Instability in the Arab world and the impact of the euro-zone debt crisis have taken their toll on global and regional markets this year, shaking investor confidence. An exodus of capital from the Middle East has contributed to the Dubai Financial Market General Index losing 15 per cent of its value so far this year. A total of 10 per cent has been shaved off the Abu Dhabi Stock Exchange General Index.

However, financial markets observers believe that the local stocks have bottomed out during the past two weeks.

As politics are gaining more influence over market direction lately, news about positive developments around the world are driving global markets in the greener territories during the last few days, with risk-on sentiment visibly on the rise.

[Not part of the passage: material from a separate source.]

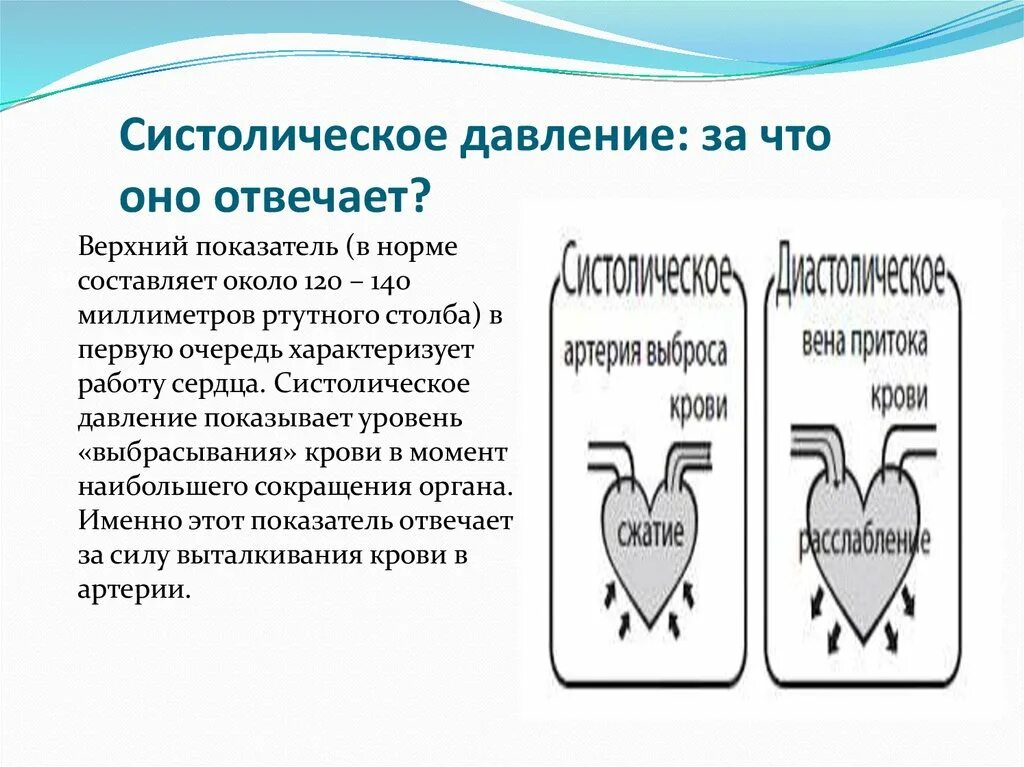 Что показывает давление. Систолическое и диастолическое артериальное давление. Систолическое явление. Систолическоетдавление. Артериальное давление систола и диастола.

Optimism about a solution to the European debt crisis rose last Thursday after Mario Draghi, the president of the European Central Bank, made comments that were widely interpreted as opening the door to a European version of the already adopted by many countries quantitative easing — huge purchases of government bonds to stimulate bank lending and growth. Signs of a grand bargain to save the euro, along with a drop in U.S. unemployment last Friday, helped push up major stock indexes in Asia, Europe and the United States on Friday.

Led by banks and petrochemical companies, Saudi shares rose Saturday for the first in three days. The Saudi stock benchmark Tadawul All Share Index advanced 1.07 percent to close at 6,169.61 points, its highest level since Nov. 20.

Local investors’ optimism is rising also ahead of a decision this month by MSCI about a promotion of the UAE to “emerging” market status. Such move would open the country to a global market of US$3 trillion (Dh11.01tn) in funds benchmarked against MSCI’s indexes globally.